Ces deux personnes avaient le respect de l'intégralité de la classe par leur connaissance quasi infinie. Et c'est ça qu'on oublie souvent quand on dit "ouaih, y'avait untel, c'était un prof cool, ahah on lui mettait la misère". On se dit juste "il était cool". Mais j'en ai eu un prof cool moi, en terminale en histoire / géographie. Ah c'est sûr pour être cool c'était cool, tellement cool qu'on a fait deux impasses (deux pays entiers) en géographie, et qu'on n'en foutait pas une en cours. Mais ce n'est pas parce qu'elle était "cool" que je jouais au morpion et au
jeu du carré avec mon voisin (le seul autre cours de ma vie où je dessinais au lieu d'écouter, c'était un cours où le prof arrivait avec le bouquin d'un collègue qui avait édité le cours en question, et où on avait toujours l'impression que le cours était lu, parfois ânonné). Non, c'était parce que, avec le recul j'en suis quasiment certain, le prof en question manquait de connaissances.

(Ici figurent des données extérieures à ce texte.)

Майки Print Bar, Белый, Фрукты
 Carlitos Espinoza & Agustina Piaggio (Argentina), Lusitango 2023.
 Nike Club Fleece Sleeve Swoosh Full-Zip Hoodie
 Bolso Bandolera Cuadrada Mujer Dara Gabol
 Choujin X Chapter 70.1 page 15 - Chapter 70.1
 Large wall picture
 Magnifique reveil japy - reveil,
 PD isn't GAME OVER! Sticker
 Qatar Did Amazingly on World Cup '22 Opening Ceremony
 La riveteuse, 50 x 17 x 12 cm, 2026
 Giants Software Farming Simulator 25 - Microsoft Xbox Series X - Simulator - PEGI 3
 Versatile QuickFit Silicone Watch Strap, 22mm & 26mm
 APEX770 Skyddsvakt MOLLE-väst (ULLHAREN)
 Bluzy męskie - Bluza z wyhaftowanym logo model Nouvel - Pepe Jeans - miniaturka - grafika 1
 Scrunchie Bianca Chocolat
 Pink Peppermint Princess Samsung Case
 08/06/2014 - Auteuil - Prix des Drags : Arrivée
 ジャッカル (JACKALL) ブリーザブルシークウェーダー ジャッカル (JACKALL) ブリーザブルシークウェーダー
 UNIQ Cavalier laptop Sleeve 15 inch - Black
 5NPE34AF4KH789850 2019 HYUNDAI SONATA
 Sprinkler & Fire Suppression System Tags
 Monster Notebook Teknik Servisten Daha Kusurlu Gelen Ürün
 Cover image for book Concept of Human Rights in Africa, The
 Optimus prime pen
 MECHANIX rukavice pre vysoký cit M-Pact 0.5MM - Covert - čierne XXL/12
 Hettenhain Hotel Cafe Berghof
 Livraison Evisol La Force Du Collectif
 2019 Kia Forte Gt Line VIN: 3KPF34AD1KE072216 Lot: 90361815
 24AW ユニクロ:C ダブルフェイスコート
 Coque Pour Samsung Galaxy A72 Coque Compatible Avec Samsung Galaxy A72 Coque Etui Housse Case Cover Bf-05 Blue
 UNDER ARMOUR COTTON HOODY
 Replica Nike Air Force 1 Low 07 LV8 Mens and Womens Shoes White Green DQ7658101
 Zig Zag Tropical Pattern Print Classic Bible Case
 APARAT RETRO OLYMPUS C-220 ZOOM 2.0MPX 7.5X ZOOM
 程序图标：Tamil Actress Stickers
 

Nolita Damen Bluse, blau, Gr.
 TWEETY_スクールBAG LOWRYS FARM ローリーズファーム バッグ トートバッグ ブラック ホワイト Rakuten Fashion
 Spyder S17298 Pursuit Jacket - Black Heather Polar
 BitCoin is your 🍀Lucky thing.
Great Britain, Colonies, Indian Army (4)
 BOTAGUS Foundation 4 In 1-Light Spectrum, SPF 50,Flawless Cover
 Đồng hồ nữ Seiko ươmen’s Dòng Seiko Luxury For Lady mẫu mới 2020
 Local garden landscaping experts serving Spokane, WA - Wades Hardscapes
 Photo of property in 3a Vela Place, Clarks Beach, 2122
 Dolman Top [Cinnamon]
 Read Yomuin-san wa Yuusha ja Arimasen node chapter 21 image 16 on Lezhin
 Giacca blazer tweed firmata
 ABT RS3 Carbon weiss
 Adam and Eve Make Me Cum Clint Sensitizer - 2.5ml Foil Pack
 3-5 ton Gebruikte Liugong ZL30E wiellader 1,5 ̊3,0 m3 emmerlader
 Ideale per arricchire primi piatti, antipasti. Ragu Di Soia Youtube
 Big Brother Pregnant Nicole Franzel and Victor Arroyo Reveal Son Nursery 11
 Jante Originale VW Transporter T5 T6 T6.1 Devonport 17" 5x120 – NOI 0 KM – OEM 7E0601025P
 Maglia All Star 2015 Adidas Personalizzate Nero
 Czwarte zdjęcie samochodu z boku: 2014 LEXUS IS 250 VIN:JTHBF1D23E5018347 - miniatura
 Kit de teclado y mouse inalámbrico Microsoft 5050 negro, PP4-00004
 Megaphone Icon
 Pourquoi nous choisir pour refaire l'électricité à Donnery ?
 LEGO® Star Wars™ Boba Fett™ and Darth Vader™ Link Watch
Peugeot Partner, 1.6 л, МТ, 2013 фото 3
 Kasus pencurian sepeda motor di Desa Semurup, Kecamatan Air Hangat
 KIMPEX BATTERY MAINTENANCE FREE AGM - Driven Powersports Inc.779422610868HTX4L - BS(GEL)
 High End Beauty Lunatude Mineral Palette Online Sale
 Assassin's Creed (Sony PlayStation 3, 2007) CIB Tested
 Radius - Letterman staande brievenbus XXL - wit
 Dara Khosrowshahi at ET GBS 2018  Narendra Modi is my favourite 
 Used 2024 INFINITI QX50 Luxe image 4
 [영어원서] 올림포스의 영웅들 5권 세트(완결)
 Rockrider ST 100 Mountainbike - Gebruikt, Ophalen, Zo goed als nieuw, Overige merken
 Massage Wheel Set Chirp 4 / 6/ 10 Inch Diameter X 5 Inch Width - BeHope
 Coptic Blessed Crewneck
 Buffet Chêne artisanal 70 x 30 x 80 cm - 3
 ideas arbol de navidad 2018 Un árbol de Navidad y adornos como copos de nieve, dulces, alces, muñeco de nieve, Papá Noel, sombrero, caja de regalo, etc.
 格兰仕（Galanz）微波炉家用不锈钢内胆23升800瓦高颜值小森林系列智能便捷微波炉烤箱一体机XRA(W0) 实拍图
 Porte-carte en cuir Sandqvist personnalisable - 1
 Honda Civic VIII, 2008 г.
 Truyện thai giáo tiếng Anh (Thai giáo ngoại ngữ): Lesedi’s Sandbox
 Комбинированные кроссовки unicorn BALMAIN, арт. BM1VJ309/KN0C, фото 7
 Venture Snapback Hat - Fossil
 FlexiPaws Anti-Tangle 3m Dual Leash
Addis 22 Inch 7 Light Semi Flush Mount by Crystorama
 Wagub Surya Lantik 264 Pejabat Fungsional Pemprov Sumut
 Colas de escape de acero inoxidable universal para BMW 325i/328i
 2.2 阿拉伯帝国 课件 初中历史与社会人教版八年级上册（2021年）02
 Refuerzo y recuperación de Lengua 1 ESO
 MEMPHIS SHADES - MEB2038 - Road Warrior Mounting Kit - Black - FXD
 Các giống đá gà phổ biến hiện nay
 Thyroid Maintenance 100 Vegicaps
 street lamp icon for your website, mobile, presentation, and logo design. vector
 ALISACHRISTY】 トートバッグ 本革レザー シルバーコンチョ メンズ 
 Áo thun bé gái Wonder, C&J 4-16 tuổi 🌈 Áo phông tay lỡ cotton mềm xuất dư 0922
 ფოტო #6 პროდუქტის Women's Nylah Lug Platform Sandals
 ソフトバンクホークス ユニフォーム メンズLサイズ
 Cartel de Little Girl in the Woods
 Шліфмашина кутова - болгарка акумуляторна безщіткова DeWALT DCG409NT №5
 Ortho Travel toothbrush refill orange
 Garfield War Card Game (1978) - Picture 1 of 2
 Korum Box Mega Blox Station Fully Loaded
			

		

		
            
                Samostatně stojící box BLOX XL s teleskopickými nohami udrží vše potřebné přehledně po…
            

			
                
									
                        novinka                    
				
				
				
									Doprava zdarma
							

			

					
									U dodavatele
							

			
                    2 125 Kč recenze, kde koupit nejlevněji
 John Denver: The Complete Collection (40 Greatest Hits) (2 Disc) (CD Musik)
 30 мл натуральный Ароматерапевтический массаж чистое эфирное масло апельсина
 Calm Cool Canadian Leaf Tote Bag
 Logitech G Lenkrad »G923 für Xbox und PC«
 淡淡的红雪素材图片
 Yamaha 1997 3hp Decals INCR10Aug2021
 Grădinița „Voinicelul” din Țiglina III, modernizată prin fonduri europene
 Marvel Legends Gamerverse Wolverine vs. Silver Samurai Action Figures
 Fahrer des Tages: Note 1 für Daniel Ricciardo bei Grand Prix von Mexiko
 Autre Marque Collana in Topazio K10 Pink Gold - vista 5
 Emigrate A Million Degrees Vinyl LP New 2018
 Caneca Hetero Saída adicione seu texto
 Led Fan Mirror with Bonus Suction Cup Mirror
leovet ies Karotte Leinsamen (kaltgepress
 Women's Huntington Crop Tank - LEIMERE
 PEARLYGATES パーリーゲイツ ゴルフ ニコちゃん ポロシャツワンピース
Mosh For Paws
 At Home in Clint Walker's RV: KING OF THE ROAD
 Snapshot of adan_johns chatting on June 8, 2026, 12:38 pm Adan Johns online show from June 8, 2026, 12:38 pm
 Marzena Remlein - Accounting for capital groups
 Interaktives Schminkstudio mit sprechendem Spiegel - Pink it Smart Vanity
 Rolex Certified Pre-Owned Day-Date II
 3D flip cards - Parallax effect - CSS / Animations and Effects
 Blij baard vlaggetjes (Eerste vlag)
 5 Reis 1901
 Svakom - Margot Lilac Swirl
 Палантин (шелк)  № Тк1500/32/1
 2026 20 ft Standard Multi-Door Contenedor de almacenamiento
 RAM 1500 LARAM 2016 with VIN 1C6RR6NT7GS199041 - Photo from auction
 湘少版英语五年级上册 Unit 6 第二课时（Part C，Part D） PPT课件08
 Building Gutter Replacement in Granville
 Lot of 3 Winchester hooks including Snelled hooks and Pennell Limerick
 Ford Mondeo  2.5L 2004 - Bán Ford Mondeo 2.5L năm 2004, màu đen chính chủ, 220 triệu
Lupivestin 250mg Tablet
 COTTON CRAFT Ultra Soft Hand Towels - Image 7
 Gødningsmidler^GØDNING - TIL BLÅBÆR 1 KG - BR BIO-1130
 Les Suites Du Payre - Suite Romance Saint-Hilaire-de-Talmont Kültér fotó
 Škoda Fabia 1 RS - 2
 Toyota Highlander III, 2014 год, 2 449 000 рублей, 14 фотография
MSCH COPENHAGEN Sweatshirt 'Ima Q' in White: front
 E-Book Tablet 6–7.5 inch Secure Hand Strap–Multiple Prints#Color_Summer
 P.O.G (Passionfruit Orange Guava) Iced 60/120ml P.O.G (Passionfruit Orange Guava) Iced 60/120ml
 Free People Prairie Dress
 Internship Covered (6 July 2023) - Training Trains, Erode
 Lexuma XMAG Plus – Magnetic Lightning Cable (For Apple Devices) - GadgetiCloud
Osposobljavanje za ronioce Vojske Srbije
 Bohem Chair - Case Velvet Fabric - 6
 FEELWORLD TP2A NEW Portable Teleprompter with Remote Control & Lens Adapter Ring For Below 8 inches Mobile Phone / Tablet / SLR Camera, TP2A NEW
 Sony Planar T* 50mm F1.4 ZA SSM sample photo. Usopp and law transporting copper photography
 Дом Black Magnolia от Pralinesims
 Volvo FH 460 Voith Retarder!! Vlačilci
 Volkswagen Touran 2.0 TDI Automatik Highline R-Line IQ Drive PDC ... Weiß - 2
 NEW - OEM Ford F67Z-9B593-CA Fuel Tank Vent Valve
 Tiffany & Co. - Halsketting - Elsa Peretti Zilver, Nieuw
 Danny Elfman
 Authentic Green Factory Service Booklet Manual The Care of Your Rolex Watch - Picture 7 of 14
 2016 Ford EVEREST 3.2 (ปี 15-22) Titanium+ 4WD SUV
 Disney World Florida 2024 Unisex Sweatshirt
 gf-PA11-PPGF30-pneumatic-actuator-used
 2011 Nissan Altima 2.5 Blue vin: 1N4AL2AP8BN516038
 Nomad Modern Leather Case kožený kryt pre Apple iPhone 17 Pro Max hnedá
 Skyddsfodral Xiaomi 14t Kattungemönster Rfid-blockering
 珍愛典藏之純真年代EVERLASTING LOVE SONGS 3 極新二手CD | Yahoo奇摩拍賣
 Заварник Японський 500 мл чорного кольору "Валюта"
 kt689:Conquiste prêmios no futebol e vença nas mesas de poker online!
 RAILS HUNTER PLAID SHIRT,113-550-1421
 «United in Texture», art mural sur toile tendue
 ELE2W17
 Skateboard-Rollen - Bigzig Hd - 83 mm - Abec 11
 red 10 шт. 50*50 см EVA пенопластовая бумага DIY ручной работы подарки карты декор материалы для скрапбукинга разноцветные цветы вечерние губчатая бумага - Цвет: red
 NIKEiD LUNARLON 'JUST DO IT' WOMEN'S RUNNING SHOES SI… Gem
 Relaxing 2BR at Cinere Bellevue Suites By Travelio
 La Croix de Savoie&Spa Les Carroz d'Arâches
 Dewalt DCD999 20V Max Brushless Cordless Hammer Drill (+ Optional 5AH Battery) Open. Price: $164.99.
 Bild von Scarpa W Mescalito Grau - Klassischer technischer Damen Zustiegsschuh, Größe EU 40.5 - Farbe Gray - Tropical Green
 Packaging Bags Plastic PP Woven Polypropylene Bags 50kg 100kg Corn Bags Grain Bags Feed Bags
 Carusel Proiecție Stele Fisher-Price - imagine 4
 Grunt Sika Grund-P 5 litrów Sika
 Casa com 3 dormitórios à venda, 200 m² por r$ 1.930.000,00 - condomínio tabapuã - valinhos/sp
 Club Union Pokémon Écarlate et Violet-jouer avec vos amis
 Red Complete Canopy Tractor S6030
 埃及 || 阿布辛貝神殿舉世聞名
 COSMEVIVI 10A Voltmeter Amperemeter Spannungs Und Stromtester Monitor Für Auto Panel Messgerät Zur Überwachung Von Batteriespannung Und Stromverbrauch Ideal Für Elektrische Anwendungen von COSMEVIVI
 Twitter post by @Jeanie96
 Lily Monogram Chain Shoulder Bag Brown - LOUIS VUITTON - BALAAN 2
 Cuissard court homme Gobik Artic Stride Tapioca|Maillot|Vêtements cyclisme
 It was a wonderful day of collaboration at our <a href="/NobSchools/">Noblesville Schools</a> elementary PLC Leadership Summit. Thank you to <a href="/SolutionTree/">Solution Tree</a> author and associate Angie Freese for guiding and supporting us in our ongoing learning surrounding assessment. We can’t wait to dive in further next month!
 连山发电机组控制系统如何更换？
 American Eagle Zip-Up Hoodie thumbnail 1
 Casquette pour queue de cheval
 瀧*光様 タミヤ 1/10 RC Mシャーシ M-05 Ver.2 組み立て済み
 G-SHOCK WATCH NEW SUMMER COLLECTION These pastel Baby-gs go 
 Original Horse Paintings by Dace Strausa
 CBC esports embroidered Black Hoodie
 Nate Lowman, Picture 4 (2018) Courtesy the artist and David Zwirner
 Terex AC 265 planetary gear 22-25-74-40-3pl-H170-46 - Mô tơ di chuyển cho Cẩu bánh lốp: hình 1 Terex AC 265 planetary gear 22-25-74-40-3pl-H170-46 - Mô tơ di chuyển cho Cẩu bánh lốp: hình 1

En résumé : je pense qu'il y a des pratiques pédagogiques qui s'apprennent. Évidemment c'est plus dur quand les élèves sont durs (merci capitaine évidence), mais c'est que le système dans son ensemble ne nous donne pas les billes. Vous feriez quoi, vous, au collège, si vous ne saviez pas lire correctement ni compter convenablement ? Moi je ne sais pas, mais je comprends ceux qui ont la haine de cette école qui ne remplit pas ses obligations élémentaires, et qui déversent leur haine sur le premier venu (a.k.a. le prof). Alors d'accord, il y a un problème de respect, très bien posé par marsupial
à cet endroit. Mais le respect, si c'est dans le sens élève => prof, c'est aussi dans le sens système => élève. Qu'on boute les parents hors de l'école, qu'on les envoie se faire enculer quand ils insistent pour faire passer en CE1 leur chérubin qui ânonne, et qu'on donne des moyens aux professeurs des écoles pour que tlm sache lire écrire compter. D'un coup si tu comprends ce que tu lis en classe, ça ne peut qu'aller dans la bonne direction.